The problem: When using a particular application on one specific device, users noticed very bad UI response for a period of a few seconds.  After those seconds, UI responsiveness went back to normal.

 

The investigation: I used ActiveSync to drop celog.dll and oscapture.exe onto a standalone device.  I could have hooked the device up to Platform Builder and run Remote Kernel Tracker over KITL, but in this case the device I had was configured to run without KITL.  I just didn’t bother reconfiguring it. 

 

I made a .lnk file to start oscapture, and a second .lnk file to trigger it (run a second instance of oscapture with the “-c” parameter).  I dropped these onto the Start menu of the device.  I ran oscapture, and played around with the errant application until the UI slowdown occurred.  As quickly as I could (due to the UI slowdown it took a few seconds) I brought up the start menu and clicked the link to trigger oscapture.  OScapture saved its data to a file.  I then hooked up ActiveSync again, and copied the log file off the device.  Actually now that I think of it, I probably could have just connected Remote Kernel Tracker to the device over ActiveSync, but you know I’m not that smart.

 

Here is what I saw when opening up the file in Remote Kernel Tracker:

(scroll down if you can't see anything)

 

 

The main thread of pimg.exe is taking all the CPU time, and a few other threads (notably a couple in telshell.exe, which is responsible for the Smartphone UI) took little blips of time here and there, contending over a critical section.  I know they are contending because CeLog only logs critical section entry and exit events when there is contention.  Critical sections are acquired and released far too often to log uncontended operations.

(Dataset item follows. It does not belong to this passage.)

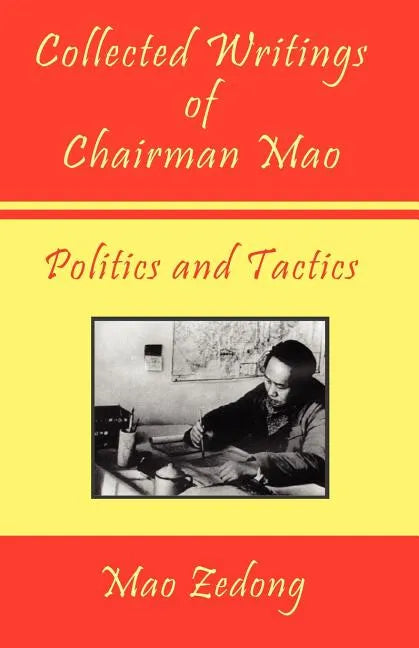Collected Writings of Chairman Mao - Politics and Tactics: Volume 2 - Politics and Tactics - Paperback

You don’t see any critical section exit events in this screen shot, but they’re there; they happen so close to the entry events that the “exit” icons are hidden underneath the “entry” icons.  If I had zoomed in some more, you’d see them resolve into distinct events.  All of these threads are at the same priority, 251 (THREAD_PRIORITY_NORMAL).  I know the thread priorities because I hovered over the thread lines and saw the priorities in the resulting tooltips.  But despite the equal priorities in this case, only one thread, that from pimg.exe, is getting very much CPU time.  It is running to the completion of its quantum.  I know that because I set the “time marker 1 & 2” in the time scale bar – you can see them in the screen shot.  In the bottom right of the Remote Kernel Tracker window, where it says “Marker Time Delta,” is the time between the two markers.  That time is about 100ms, the default thread quantum in Windows CE.  Each time the pimg.exe thread runs for about the same length of time, about 100ms.

 

I immediately recognized this as a lock convoy problem.  Let me describe what that means.  A lock convoy is a situation which occurs when two or more threads at the same priority frequently (several times per quantum) acquire a synchronization object, even if they only hold that object for a very short amount of time.  It happens most often with critical sections, but can occur with mutexes, etc as well.  For a while the threads may go along happily without contending over the object.  But eventually some thread’s quantum will expire while it holds the object, and then the problem begins.  The expired thread (let’s call it Thread A) stops running, and the next thread at that priority level begins.  Soon that thread (let’s call it Thread B) gets to a point where it needs to acquire the object.  It blocks on the object.  The kernel chooses the next thread in the priority-queue.  If there are more threads at that priority which end up trying to acquire the object, they block on the object too.  This continues until the kernel returns to Thread A which owns the object.  That thread begins running again, and soon releases the object.  Here are the two important points.  First, once Thread A releases the object, the kernel chooses a thread that’s blocked waiting for the object (probably Thread B), makes that thread the next owner of the object, and marks it as “runnable.”  Second, Thread A hasn’t expired its quantum yet, so it continues running rather than switching to Thread B.  Since the threads in this scenario acquire the synchronization object frequently, Thread A soon comes back to a point where it needs to acquire the object again.  This time, however, Thread B owns it.  So Thread A blocks on the object, and the kernel again chooses the next thread in the priority-queue to run.  It eventually gets to Thread B, who does its work while owning the object, then releases the object.  The next thread blocked on the object receives ownership, and this cycle continues endlessly until eventually the threads stop acquiring so often.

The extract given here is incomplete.